Dopo le Olimpiadi e i G20 aspettiamoci quindi qualche sensazionale risultato nel campo della scienza e dell’innovazione, non solo per la quantità delle risorse impiegate in questa direzione ma anche per la severità degli studi e la ineguagliabile selettività e meritocrazia a cui vengono sottoposti gli studenti delle migliori università. Se prendiamo alla lettera il significato di questi comportamenti, la Cina già da oggi si presenta in molti campi come la società più capitalistica nella scena mondiale.

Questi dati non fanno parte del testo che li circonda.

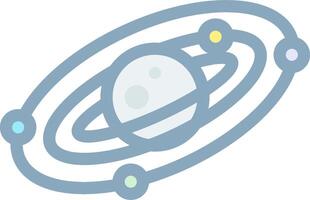 The planet with planets around it vector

Non pensiamo naturalmente che il futuro sia privo di rischi, non solo per la crescente disuguaglianza dei redditi di cui abbiamo parlato in precedenza, ma per i problemi dell’ambiente ( che qui assumono una dimensione gigantesca) ma anche per la necessità di reperire le risorse vitali per un miliardo e trecentocinquanta milioni di persone che aumentano in modo esponenziale i loro consumi. E nemmeno può essere trascurata la necessità di costruire un moderno sistema finanziario e bancario, senza il quale questa nuova fase dello sviluppo cinese non può essere messa in atto. Ed infine resta estremamante pericoloso il fenomeno della corruzione che appare così diffuso da essere stato oggetto di durissime denuncie nel corso della stessa annuale Assemblea del Popolo che si è svolta negli scorsi giorni a Pechino.
A proposito della dffusione della corruzione mi ha creato una certa curiosità l’evidenza con cui la stampa ha presentato la notizia che alcune centinaia fra arbitri e dirigenti delle massime squadre e associazioni calcistiche sono state inviate per alcuni giorni in campi di rieducazione a causa del livello di corruzione imperante nel settore. Nel leggere questa notizia ho espresso ai miei interlocutori il sospetto che il forte intervento delle autorità non derivi soltanto dalla doversosa lotta contro la corruzione ma anche da una diffusa irritazione per i poverissimi risultati internazionali in uno sport che i cinesi amano alla follia, seguendo con passione anche le vicende del nostro campionato. Un’ipotesi subito ridimensionata da un esperto conoscitore della realtà quotidiana del paese che mi ha fatto presente che difficilmente si può diventare campioni di calcio se si resta a scuola fino alle cinque di sera e poi si deve correre a casa a fare i compiti. Alla vigilia del campionato del mondo, consoliamoci quindi col pensare che anche un sistema scolastico diffuso e severo può avere i suoi svantaggi.